### EXTRACTED ENTRIES
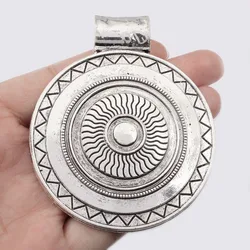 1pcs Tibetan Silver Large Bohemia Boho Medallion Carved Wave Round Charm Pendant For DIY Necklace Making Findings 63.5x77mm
...
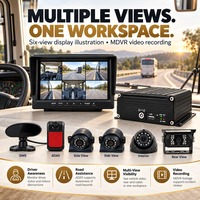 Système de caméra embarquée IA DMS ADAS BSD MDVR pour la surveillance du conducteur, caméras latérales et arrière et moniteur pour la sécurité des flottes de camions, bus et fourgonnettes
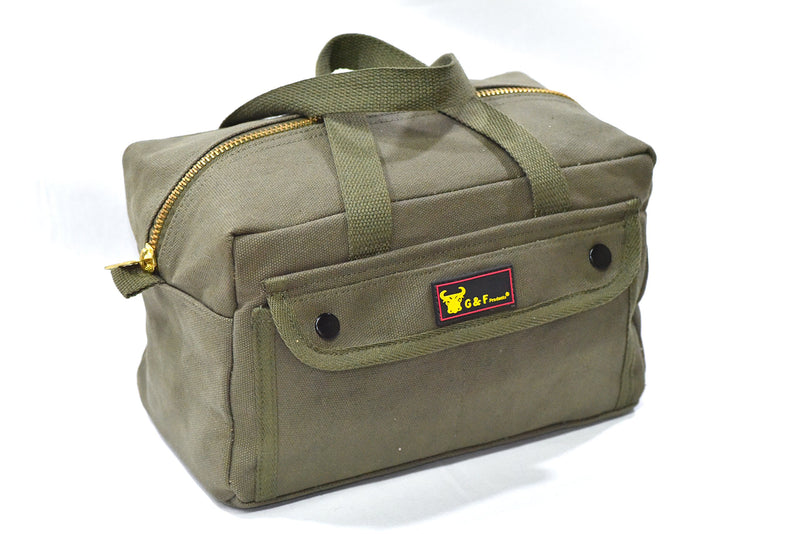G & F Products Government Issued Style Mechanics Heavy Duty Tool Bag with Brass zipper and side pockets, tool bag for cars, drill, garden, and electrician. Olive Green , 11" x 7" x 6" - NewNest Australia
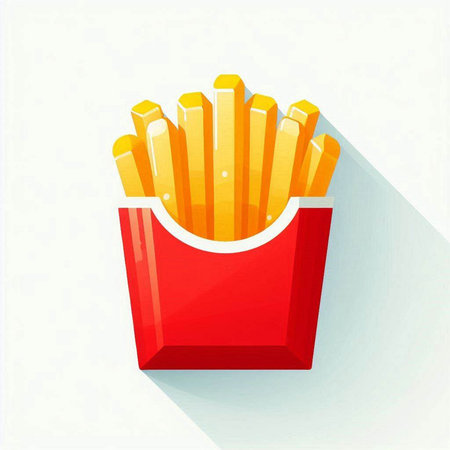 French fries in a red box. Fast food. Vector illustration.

### WHAT YOU WILL DO
Using the entries above, extract exactly the lines from the one that contains "G & F Products" through the one that contains "French fries in". Do not carry over any pictures.

### RESPONSE AREA
G & F Products Government Issued Style Mechanics Heavy Duty Tool Bag with Brass zipper and side pockets, tool bag for cars, drill, garden, and electrician. Olive Green , 11" x 7" x 6" - NewNest Australia
 French fries in a red box. Fast food. Vector illustration.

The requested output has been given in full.